After a trial on the merits in the lower court plaintiffs recovered judgment against defendant as prayed for; no disposition of the reconventional demand was made. Defendant appealed.
Fourth Street in Harvey roughly parallels the course of the Mississippi River, accommodates a two-way vehicular movement, and runs generally in an eastwest direction. The surface of its two traffic lanes is composed of concrete, and adjoining the westbound lane is a black-topped shoulder of sufficient width to permit an automobile to travel thereon. St. Joseph Lane, which runs in a north-south direction, merges into Fourth Street which it meets at a right angle.
Norred's car, traveling westward, was a link in a line of vehicles which had been forced to come to a halt as a result of the opening of the bridge spanning the Harvey Canal, and Norred states he remained in the stationary line of cars for a period of about ten minutes. Gunther, the driver of defendant's car was proceeding northward on St. Joseph Lane, and his intent was to turn left into Fourth Street and then travel westwardly. To do this, Gunther would have to cross the aforementioned black-topped shoulder, then the eastbound roadway of Fourth Street, and then make the left turn. Everyone agrees that upon reaching Fourth Street, Gunther brought his car to a complete stop, and his testimony is that he remained in such stopped position for several minutes awaiting a favorable opportunity to enter the westbound roadway when the stationary vehicles had moved along. Gunther made no forward movement until after the bridge was closed when he perceived a break in the westbound line of traffic into which he thought he could maneuver his car. He moved forward out onto the black-topped shoulder of Fourth Street and then it was that the Norred car, which was moving westwardly and came from Gunther's right, struck his right front fender.

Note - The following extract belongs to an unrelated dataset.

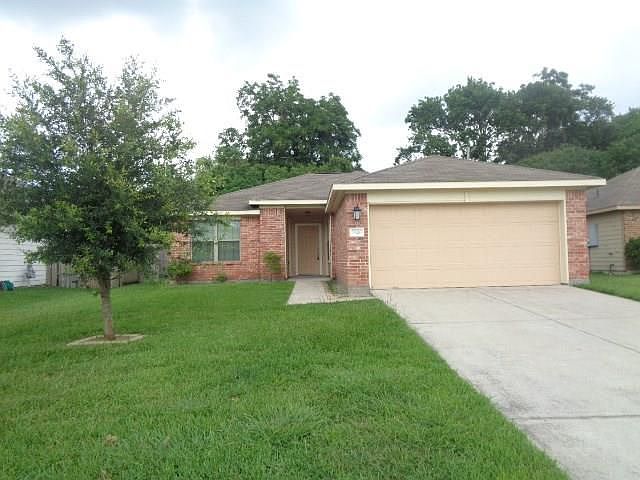 1st image of 7826 Big Oak Dr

Norred states it was his design to drive into an automobile service station situated on the southwest corner formed by Fourth Street and St. Joseph Lane, and frankly admits he left the westbound line of traffic when his car was about 25 feet before reaching St. Joseph Lane and attempted a "short cut" to the service station by driving diagonally across both the eastbound lane and the black-topped shoulder, striking defendant's vehicle as it emerged from St. Joseph Lane onto the shoulder.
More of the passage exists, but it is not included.